Since the studios are leaking to the press we need to let you know what was said in the meeting.
First, Carol informed us that the DGA deal would be the deal on any pattern issues.
She stated they were willing to increase their offer on a few writer-specific TV minimums – and willing to talk about AI – but that they were not willing to engage on the preservation of the writers’ room, or success-based residuals. She did not indicate willingness to address screenwriter issues, Appendix A issues, and many of the other proposals that remain on our list.
On behalf of the Guild, Ellen reiterated the expectation that all the fundamental issues over which writers have been striking these past three months would be addressed in this new contract, and that no segment of the membership would be left behind.
Ellen made clear that, in addition to a comprehensive response from the AMPTP on our proposals in all work areas, we will need to address issues arising from the strike, including a health care benefit extension and additional plan funding, reinstatement of striking writers, and arbitration of disputes arising during the strike.
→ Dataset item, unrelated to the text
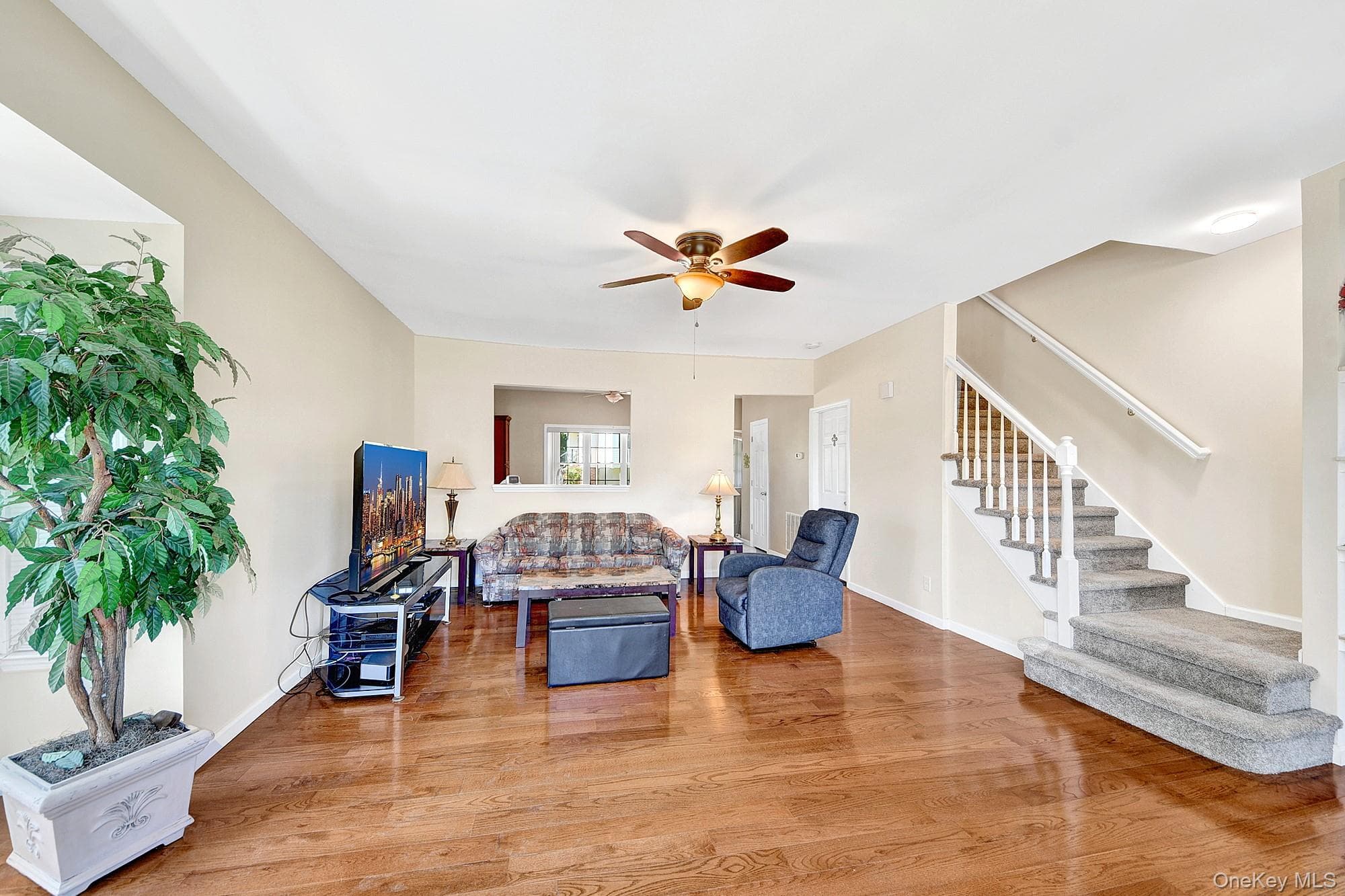 361 Verplanck Avenue thumbnail 4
We will also seek the right for individual WGA members to honor other unions’ picket lines as they have honored ours during this strike.
Carol’s response – something she repeated three times during the meeting – echoes what was written in the AMPTP press statement yesterday: “People just want to get back to work.”
We agree, with the caveat that those conditions that have made writers’ jobs increasingly untenable must first be addressed.
Your committee remains willing to engage with the companies and resume negotiations in good faith to make a fair deal for all writers, even with this early confirmation that the AMPTP playbook continues. But rest assured, this committee does not intend to leave anyone behind, or make merely an incremental deal to conclude this strike.